● **RECORD EXCERPTS**:

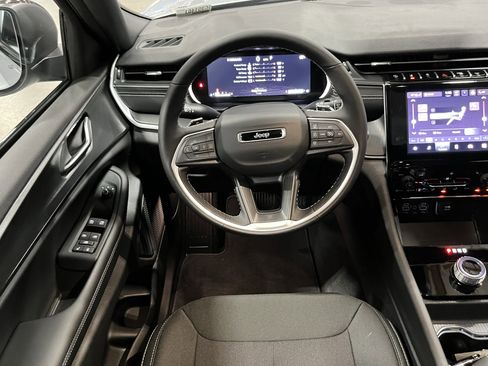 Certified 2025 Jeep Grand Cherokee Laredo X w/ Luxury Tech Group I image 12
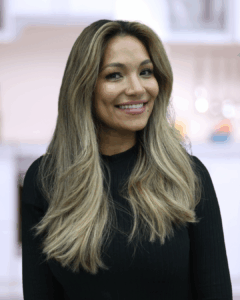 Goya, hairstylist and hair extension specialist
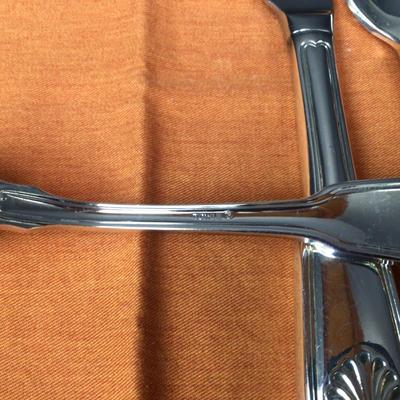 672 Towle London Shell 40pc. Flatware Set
==
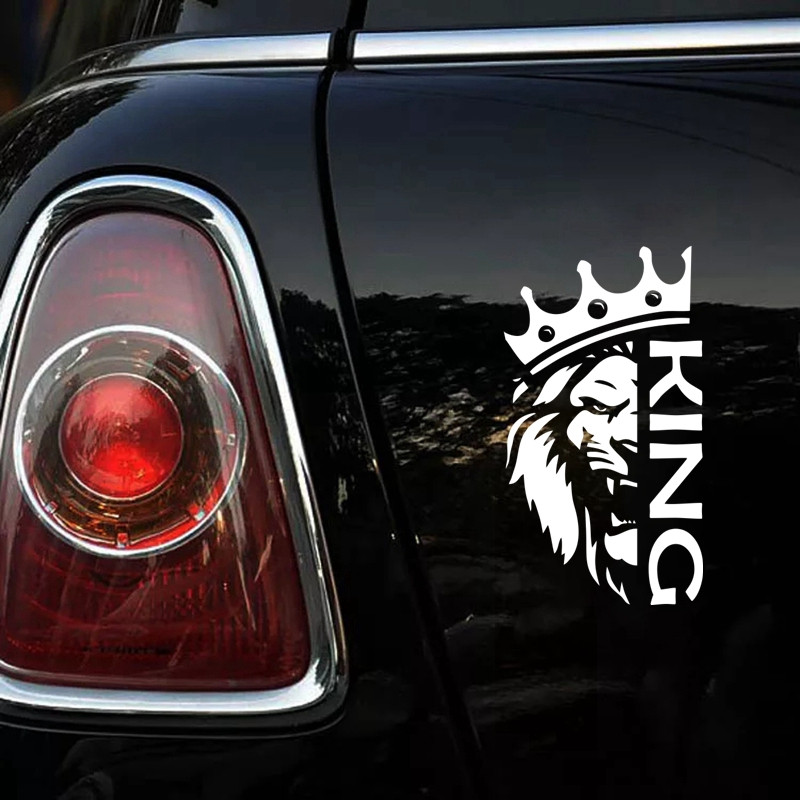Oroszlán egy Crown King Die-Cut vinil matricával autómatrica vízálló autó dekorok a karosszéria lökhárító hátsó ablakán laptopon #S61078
...
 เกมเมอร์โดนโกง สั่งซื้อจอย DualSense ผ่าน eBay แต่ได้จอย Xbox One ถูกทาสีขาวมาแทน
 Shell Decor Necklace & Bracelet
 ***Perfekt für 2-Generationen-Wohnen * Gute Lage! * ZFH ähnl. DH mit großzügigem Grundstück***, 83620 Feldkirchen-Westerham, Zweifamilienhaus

● **ASSIGNED TASK**: Return only the stretch above from the line containing "Certified 2025 Jeep" through the line containing "672 Towle London Shell 40pc. Flatware Set", word for word and without pictures.

● **EXERCISE RESPONSE**:
 Certified 2025 Jeep Grand Cherokee Laredo X w/ Luxury Tech Group I image 12
 Goya, hairstylist and hair extension specialist
 672 Towle London Shell 40pc. Flatware Set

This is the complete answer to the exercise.